• _Task item_:
Skip all pictures. Set down only the lines starting at the line containing "Hello everybody, my" and running to the end of the listing.

• _Available data_:
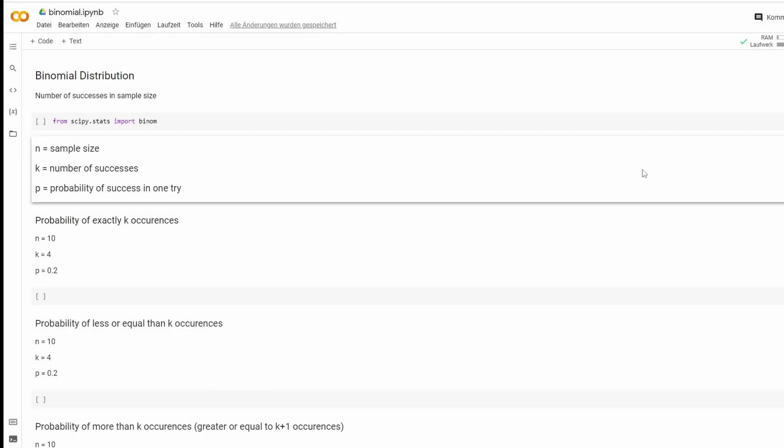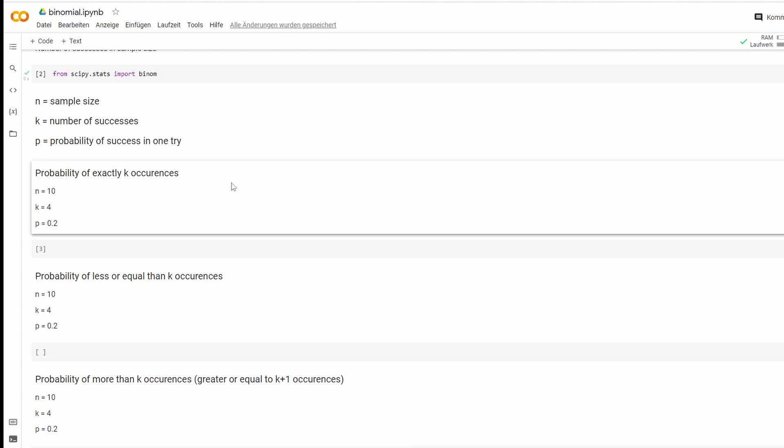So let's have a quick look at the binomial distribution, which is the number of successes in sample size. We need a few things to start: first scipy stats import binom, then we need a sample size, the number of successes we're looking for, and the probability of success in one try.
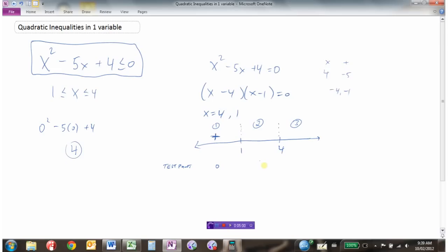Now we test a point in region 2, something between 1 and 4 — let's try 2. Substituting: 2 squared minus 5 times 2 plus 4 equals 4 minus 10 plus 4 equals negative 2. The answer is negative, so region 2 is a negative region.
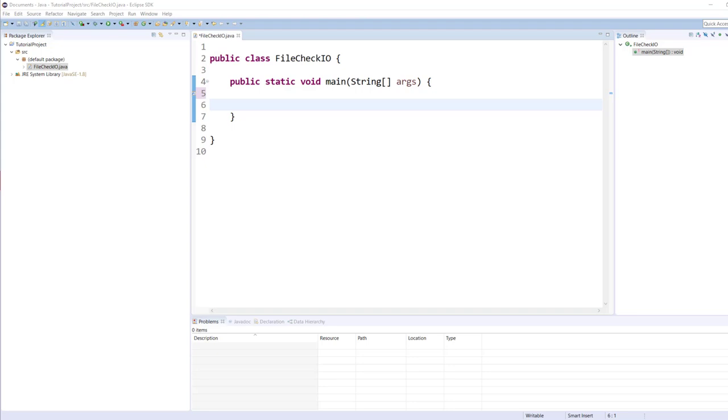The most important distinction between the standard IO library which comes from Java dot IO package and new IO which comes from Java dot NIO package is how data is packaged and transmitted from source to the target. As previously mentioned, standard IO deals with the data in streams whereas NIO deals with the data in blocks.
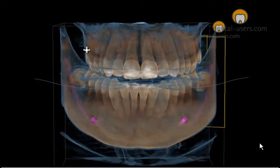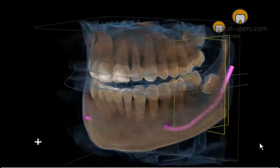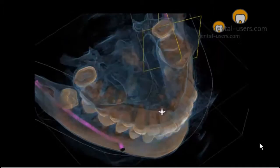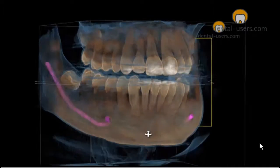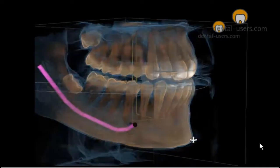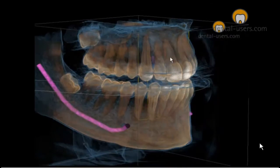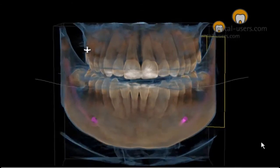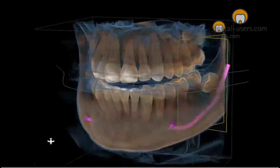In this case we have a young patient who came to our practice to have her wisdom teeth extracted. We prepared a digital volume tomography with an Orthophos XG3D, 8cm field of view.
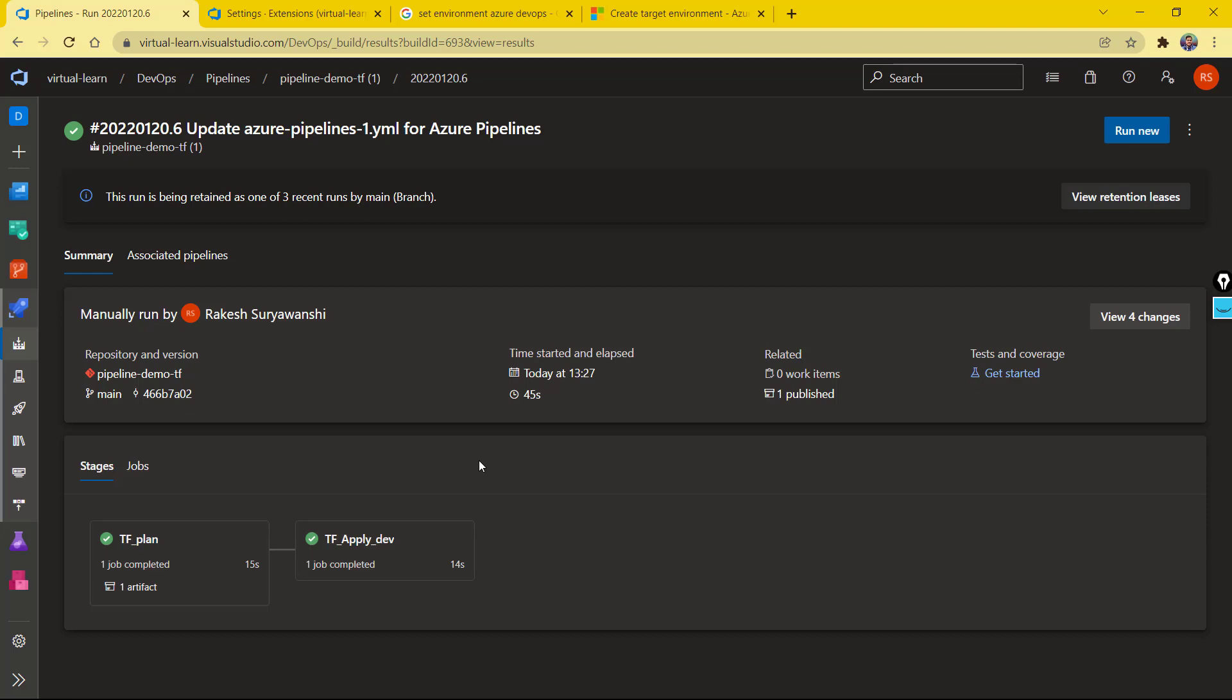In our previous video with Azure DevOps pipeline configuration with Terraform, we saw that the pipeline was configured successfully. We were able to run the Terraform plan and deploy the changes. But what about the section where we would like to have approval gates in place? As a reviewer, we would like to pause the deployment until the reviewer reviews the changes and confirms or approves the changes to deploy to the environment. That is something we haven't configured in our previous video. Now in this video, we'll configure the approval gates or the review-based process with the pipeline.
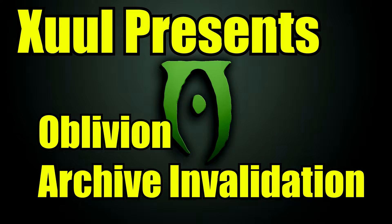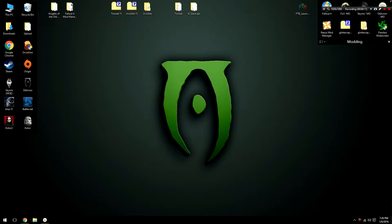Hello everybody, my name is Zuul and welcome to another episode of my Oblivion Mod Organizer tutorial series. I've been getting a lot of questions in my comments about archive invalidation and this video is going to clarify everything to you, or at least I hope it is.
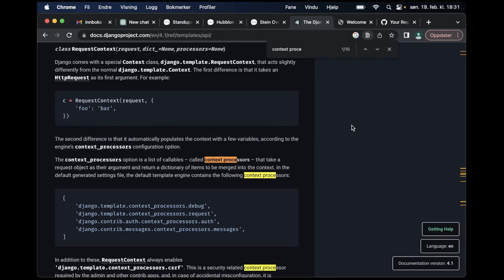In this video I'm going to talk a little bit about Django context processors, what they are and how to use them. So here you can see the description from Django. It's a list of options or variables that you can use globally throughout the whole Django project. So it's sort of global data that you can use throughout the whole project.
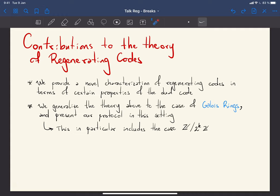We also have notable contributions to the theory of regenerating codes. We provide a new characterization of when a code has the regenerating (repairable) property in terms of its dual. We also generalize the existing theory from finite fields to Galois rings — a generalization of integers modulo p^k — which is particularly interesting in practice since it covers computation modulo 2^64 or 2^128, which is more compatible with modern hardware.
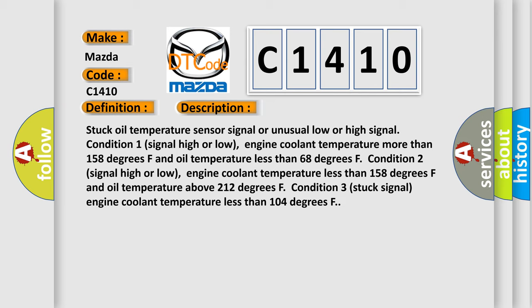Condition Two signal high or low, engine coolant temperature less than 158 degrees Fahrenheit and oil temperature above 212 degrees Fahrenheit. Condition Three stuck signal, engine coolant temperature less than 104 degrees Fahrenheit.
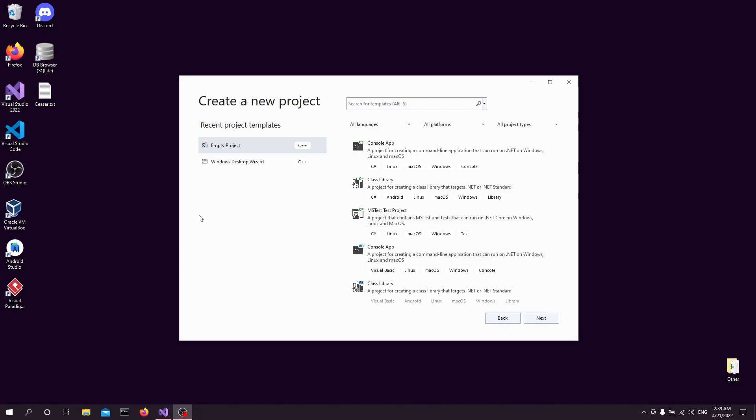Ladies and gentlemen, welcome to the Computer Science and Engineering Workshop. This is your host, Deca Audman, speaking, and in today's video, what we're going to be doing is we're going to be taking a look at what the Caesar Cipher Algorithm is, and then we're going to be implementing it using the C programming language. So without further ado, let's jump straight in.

• _Final answer_:
Hello everybody, my name is Zuul and welcome to another episode of my Oblivion Mod Organizer tutorial series. I've been getting a lot of questions in my comments about archive invalidation and this video is going to clarify everything to you, or at least I hope it is.
In this video I'm going to talk a little bit about Django context processors, what they are and how to use them. So here you can see the description from Django. It's a list of options or variables that you can use globally throughout the whole Django project. So it's sort of global data that you can use throughout the whole project.
We also have notable contributions to the theory of regenerating codes. We provide a new characterization of when a code has the regenerating (repairable) property in terms of its dual. We also generalize the existing theory from finite fields to Galois rings — a generalization of integers modulo p^k — which is particularly interesting in practice since it covers computation modulo 2^64 or 2^128, which is more compatible with modern hardware.
Condition Two signal high or low, engine coolant temperature less than 158 degrees Fahrenheit and oil temperature above 212 degrees Fahrenheit. Condition Three stuck signal, engine coolant temperature less than 104 degrees Fahrenheit.
Ladies and gentlemen, welcome to the Computer Science and Engineering Workshop. This is your host, Deca Audman, speaking, and in today's video, what we're going to be doing is we're going to be taking a look at what the Caesar Cipher Algorithm is, and then we're going to be implementing it using the C programming language. So without further ado, let's jump straight in.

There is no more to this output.